Load multidimensional array


#1

Hello,

I’m a geospatial researcher working with satellite imagery (2d or 3d arrays). I wrote a script that loads a multidimensional array, based off the work at this github repo https://github.com/albhasan/gdal2scidb

My main modification was using Numpy to convert the array into bytes which allows it load into SciDB faster than a csv. My question is my destination array is two dimensional with a chunk size of 1000. Will I improve my performance if I read and load data according to chunks.

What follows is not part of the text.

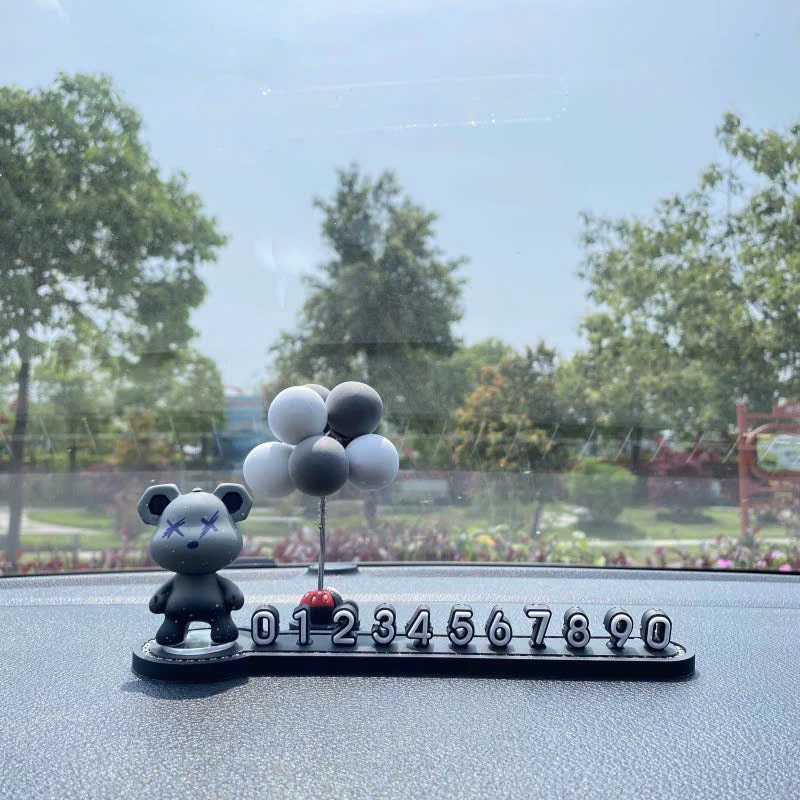 Dán xe Bearbrick & biển số xe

Right now I might load an array with arbitrary dimensions say 500x14,300. Would taking targeted reads 1,000x10,000 that conformed to chunk size improve the loading.

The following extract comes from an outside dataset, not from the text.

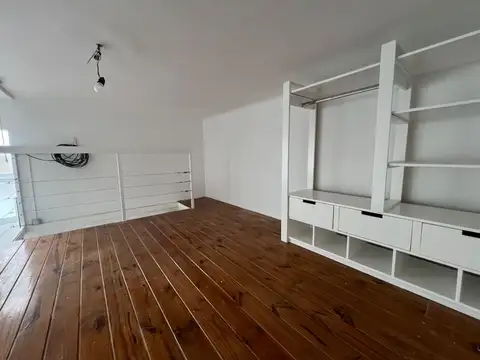Depto Tipo Casa en Alquiler 46 años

raster = gdal.Open(rasterPath, GA_ReadOnly)
width = raster.RasterXSize
height = raster.RasterYSize

sdb.query(“create array %s value:%s [y=0:%s,?,0; x=0:%s,?,0]” % (rasterArrayName, rasterValueDataType, width-1, height-1) )

for version_num, y in enumerate(range(0, height,yWindow)):
rArray = raster.ReadAsArray(xoff=0, yoff=y, xsize=width, ysize=yWindow)

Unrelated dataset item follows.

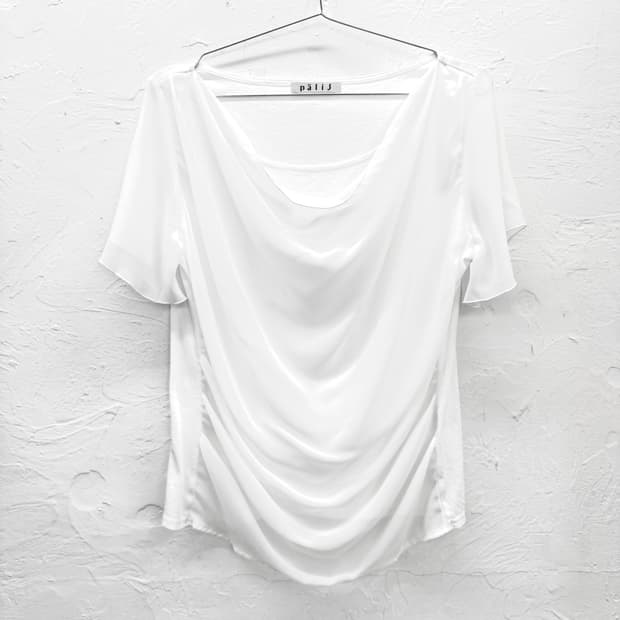 palis 쉬폰 레이어 드레이프 카울넥 티셔츠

aWidth, aHeight = WriteMultiDimensionalArray(rArray, csvPath)

os.chmod(csvPath, 0o755)

sdb.query(“create array %s <x1:int64, y1:int64, value:%s> [xy=0:*,?,?]” % (tempRastName, rasterValueDataType) )

binaryLoadPath = ‘%s/%s.sdbbin’ % (tempSciDBLoad,tempRastName )
sdb.query(“load(%s,’%s’, -2, ‘(int64, int64, %s)’ )” % (tempRastName, binaryLoadPath, rasterValueDataType))

sdb.query(“insert(redimension(apply( {A}, x, x1+{yOffSet}, y, y1 ), {B} ), {B})”,A=tempRastName, B=rasterArrayName, yOffSet=y)